Sobre a intervenção O que há no papel em branco:

Esta intervenção faz parte de meu processo de pesquisa de mestrado[i], dentro do que chamo: estudo sobre ações estranhas, que consiste em ‘retirar’ do cotidiano algumas ações, preferencialmente as que indiquem condicionamentos corporais; acrescentando algum elemento subversivo ou invertendo algum aspecto de sua execução a fim de criar uma rede, ou um jogo, de possíveis re-significações e estranhamentos nas relações entre os envolvidos no acontecimento. Ela surgiu a partir da necessidade de reflexão sobre:

  • O próprio conceito de ‘ação’, no sentido de ‘algo’ realizado gerador de uma transformação;
  • A capacidade de jogo e presença na relação com o espaço e os corpos.
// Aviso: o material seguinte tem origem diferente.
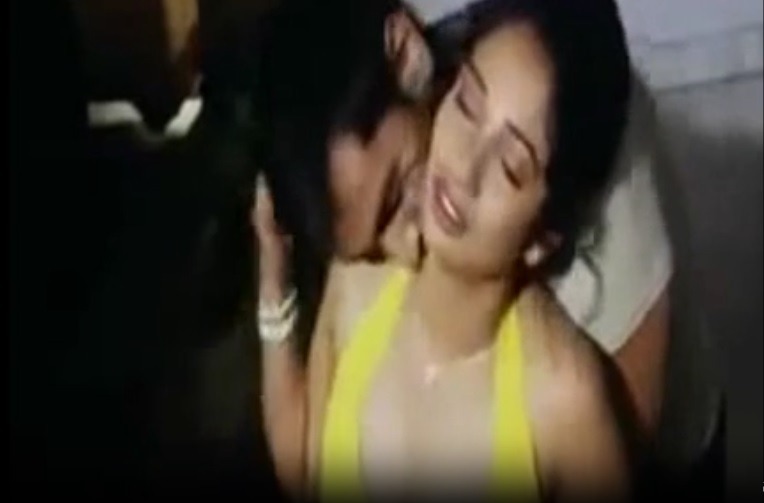 Actress gayatri blue film lo cheshuna sex scene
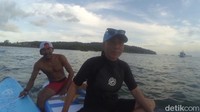 Bermain paddling juga bisa menjadi kegiatan olahraga, karena kita harus mendayung agar papan bisa melaju. Bermain paddling juga bisa menjadi salah satu kegiatan untuk melepas stress. (Faizal Amiruddin/detikTravel)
Fui inspirado também no pensar é esculpir de Joseph Beuys.

O ato de entregar os papéis em branco pode ser preenchido com diversos estados internos que pode re-significar a sua execução; e esta re-significação se dá no momento de sua execução, sem muita pré-elaboração, a partir da dinâmica interna da própria ação e suas variáveis de ritmos e fluxos.

Para mim, nos dias que executo esta ação o silêncio é importante, procuro falar o mínimo possível. Mas não é um silêncio imposto, é uma opção, é interno, próximo ao silêncio buscado em exercícios de meditação.

A ação, ou jogo, de entregar papéis em branco surgiu dentro de um workshop intensivo de treinamento para atores/performers chamado Drift Project, em dezembro de 2006, mas tem uma história ‘pregressa’ relacionada ao espetáculo Pega Ladrão, dos Saudáveis Subversivos, com direção do Glauber Xavier, onde trabalhei como ator pesquisando o universo dos vagabundos, fracassados e marginais de nossa sociedade. Eu já realizei esta intervenção sozinho e coletivamente e, claro, há muita diferença entre estas formas de realização. Utilizo-a dentro do meu solo Estranho, eu não sou Hamlet, que também faz parte do mestrado. Esta será a primeira vez que ela será realizada coletivamente sem minha presença. Gosto muito desta proposta e agradeço aqui mais uma vez ao pessoal do FORA DO EIXO por ter me feito a sugestão, já que não posso está aí por questões de trabalho e pesquisa.

Espero que a execução seja prazerosa para todos e sintam-se a vontade para subverter qualquer indicação minha por necessidade dos seus próprios interesses artísticos. Se possível, entrem em contato: flaurabelo@gmail.com.

Valeu.


Taks (tarefas) -
A estrutura da intervenção é simples:

  1. Sair para andar sozinho e em silêncio por quinze minutos, meia hora antes de começar a intervenção. Deixar se levar neste caminhar seguindo os fluxos coletivos e as reações ‘espontâneas’. Eu nunca confiro a passagem do tempo em relógios, assim esses ‘quinze minutos’ são subjetivos.
    1. Foco na respiração e na relação com o espaço e as pessoas.
    2. Atenção aos cheiros e sons, os mais sutis e distantes.
    3. Atenção aos detalhes – observar as pequenas coisas ao seu redor.
    4. Abrir os poros, ampliar os espaços vazios do corpo.
  2. Ficar cinco minutos parado em algum lugar, como numa ‘pausa viva’, numa suspensão.
  3. Voltar ao local marcado para realização da ação.
  4. Iniciar o jogo de entrega dos papeis com as pessoas que passam pelo local.
  5. Na ação, eu falo o mínimo possível, mas não vejo isto como regra.
    1. Jogar a possibilidade não entregar o papel, com o ‘oferecer o papel’, as variações rítmicas, os deslocamentos pelo espaço, as pausas.
  6. Quando acabar os papeis, continuar a ação por mais um tempo.
  7. Refazer o mesmo percurso da caminhada inicial.
  8. Ficar novamente em ‘pausa viva’, suspenso, agora o tempo que quiser...
  9. Tudo realizado nos paradoxos: visível e invisível, comum e estranho, cotidiano e artístico.



[i] Título: Corpo Estranho - corpo performático multirelacional – dialéticas dos processos de construção. Orientação de Renato Ferracini e co-orientação de Fernando Villar.